Joe Swanberg's "Too Many Nights and Weekends" over at Variety

This little post by Joe Swanberg for Variety's Fest Circuit blog really made me laugh! Look at the brilliant way Joe spins:

Upon arriving, I had lunch with a few of the other American Independents filmmakers who were on my flight. I had never heard of any of their films, and they hadn't heard of mine. That fact made me equally proud and nervous to be an American Independent filmmaker, working in a country that produces so many films and filmmakers, and has so many festivals and screens, that it's possible for several of these filmmakers to have festival and theatrical success without any idea that the others even exist.

Talk about spin! Everyone else is bemoaning the deluge of too many films! Too many films numbing the audience, exhausting the critics, and crowding out the arthouses. It's a kind of cannibalism! John and I have been debating this subject for years - how democratization is great for an individual's creative impulse but deadly for the marketplace. But I digress. I'm not prepared to get into all that. This post was just inspired by Joe, and his charming Variety post, and how he puts it all out there into the world.

Fun Times at LAFF and great eats at Animal

I had a great time out at LAFF last week, although I neglected to take more than one filmy blog photo.

Anne Cecere (BMI), George Shaw (Film Composer),
 (Damn, what was her name!!), Peter Paul Basler (Producer, Big Heart City.)

I had a great time catching up with the very excellent 2008 sxsw premiere, Medicine of Melancholy. I was thrilled to be there supporting the two Austin-made LAFF premieres: Trinidad and I'll Come Running. (I'm particularly proud to have a prominent "Thanks" in the Trinidad credits. I fell in love with this doc early on, so remained an active, vocal rough cut screener. I think all involved -- directors PJ Raval and Jay Hodges, editor Kyle Henry, composer Frank Alexander, and executive producer Matt Dentler did a great job on a really fascinating subject.) Enjoyed the doc Paper and Plastic, and Sundance narrative, Frozen River. And what I really went crazy for was the fantastic new Werner Herzog doc, Encounters at the End of the World. As I've written before, I've a deep soft spot for Herzog. I love the sound of his voice, I love his narrative voice. This recent doc in Antartica is a particular delight. I highly recommend it.

~Encounters at the End of the World~

I was out at LAFF in my new festival programmer role - catching up with films, but really more, this time of year, catching up with old and new contacts. There were plenty of filmmakers, press, and industry - all easy to see, and wonderful to engage with. I attended the Financing Conference, the Texas Film Commission Brunch at Spago, the Austin Film Society party celebrating the Austin films, lots of moments in the Target Red Room, The Cinemocracy Party, and IFC Film's particularly fabulous soiree at the Sunset Marquis, celebrating their two recent sxsw premiere acquisitions, Medicine for Melancholy and The Pleasure of Being Robbed.
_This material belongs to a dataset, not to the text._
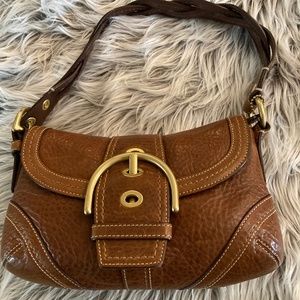 Brown Leather Coach Purse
Lots of conversations. Lots of time management. At the AFS party, I was deep in talk with Eddie Schmidt and AJ Schnack when I kept spotting IFP's Amy Dotson out of the corner of my eye. I couldn't break away. Finally, as the party was ending, I managed a quick, "You hungry?" and next found myself in a car with Amy and two strangers on our way to Fairfax, two doors up from Cantors. It turns out one of the "strangers" was producer Sarah Hendler, and Animal is her boyfriend's new restaurant. It was delicious!! The company and conversation were grand, but the three of us newbies went crazy for the food. Definitely worth the trip.